Dès lors, si la simple existence et présence de l’homme fait déjà barrière à
Satan, il nous faut habiter le monde, occuper le terrain ! Et pour cela, il
faut miser sur l’homme, non pas sur les seuls chrétiens, mais sur tous les
hommes de notre temps. Eux qui ont tous en eux l’image de Dieu, eux qui ont
tous été sauvés par le Christ.
Parier sur l’homme, concrètement, cela veut dire non pas se retrancher
dans quelques dernières réserves ou poches de résistance, ne pas agir
uniquement comme une minorité attaquée organisant sa survie, mais se tenir
de pleins pieds dans le monde des hommes, prendre en charge la chose
publique et de là travailler à ce que le plus grand nombre possible d’hommes
réponde à sa vocation originelle et lutte contre l’extension du domaine de
Satan.
Prendre en charge la chose publique, disons-nous. Le problème, c’est que
nous avons oublié que politique et morale, que législation et bonne
conduite, que bien commun et bien personnel avaient partie liée, nous avons
laissé la pensée libérale pénétrer notre vision politique.
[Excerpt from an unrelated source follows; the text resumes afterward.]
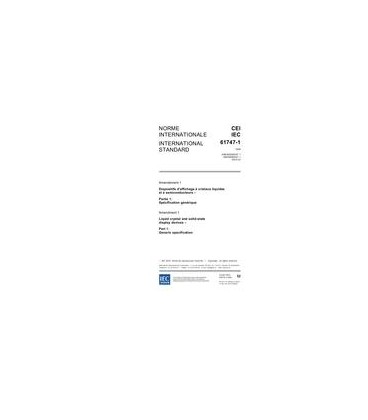IEC 61747-1 Amd.1 Ed. 1.0 b:2003
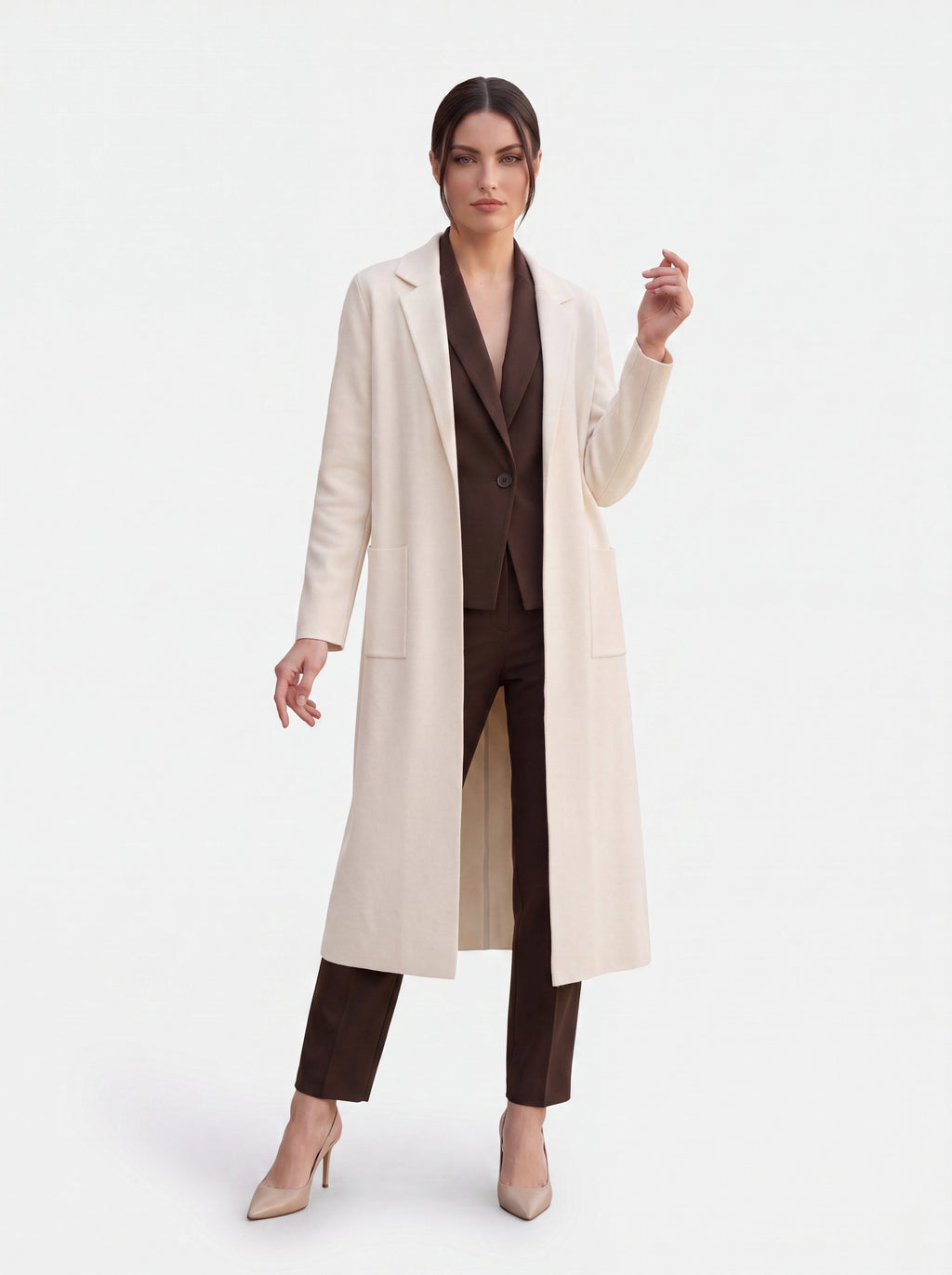 Women's Longline Wool Blend Coat | Premium European Winter Overcoat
Pierre Manent
écrit : « Si nous sommes si sévères pour les époques de confusion ou de
mélange des pouvoirs, c’est peut-être que nous avons acquis un sens plus vif
ou délicat de la liberté de conscience, mais c’est peut-être aussi que nous
avons perdu le sens de l’importance de la loi dans l’orientation de la vie
humaine en direction de son bien. »
Nous avons perdu le sens de l’importance de la loi quand nous sommes
devenus les fils de l’individualisme libéral. Pour ce dernier en effet, et
je cite ici MacIntyre, « une communauté n’est qu’une arène où les
individus poursuivent leur propre conception de la bonne vie et où les
institutions politiques existent pour fournir le degré d’ordre qui rend
possible cette activité autodéterminée. Le gouvernement et la loi sont, ou
devraient être, neutres face aux conceptions rivales de la bonne vie pour
l’homme. Ainsi, selon les libéraux, si la tâche du gouvernement est de faire
respecter la loi, il ne lui appartient pas d’imposer un point de vue moral.
Au contraire, dans la vision antique et médiévale, non seulement la
communauté politique exige l’exercice des vertus pour son propre maintien,
mais il revient à l’autorité parentale de faire des enfants des adultes
vertueux. » Et plus loin : « L’état moderne est totalement inapte à
la fonction d’éducateur moral d’une communauté. » (MacIntyre, Après
la vertu)
Ainsi, dans le logiciel libéral, le bien se joue au
niveau individuel – charge à chaque individu de faire le bien à son échelle
s’il l’entend, charge à chacun de fixer sa morale individuelle, qu’elle soit
chrétienne, juive, nietzschéenne. Je fais le bien, que les lois soient
bonnes ou mauvaises ; je respecte mon code moral, quoi qu’il se passe à côté
dans la société qui m’entoure. Mais l’histoire et la théologie chrétiennes
nous enseignent le contraire : nous avons besoin d’être porté, par nos
familles, par nos amis, par les lois de notre pays. Et on ne peut se
satisfaire d’une situation où nous faisons (ou essayons de faire) le bien et
où notre frère, notre père, notre ami, notre compatriote fait le mal. C’est
une leçon apprise de l’Ancien Testament : Dieu menace de détruire Ninive
parce qu’elle fait le mal en tant que cité. Idem quand Dieu provoque le
déluge qui recouvre et ravage la terre (c’est l’humanité comme ensemble qui
est visé). Au désert, c’est aussi son Peuple dans son ensemble qu’il éduque,
éprouve, réconforte. → Il se joue aussi quelque chose du bien, quelque chose
du salut, au niveau collectif. On ne peut donc se passer de chrétiens qui se
préoccupent en acte du destin collectif. Et notamment des lois.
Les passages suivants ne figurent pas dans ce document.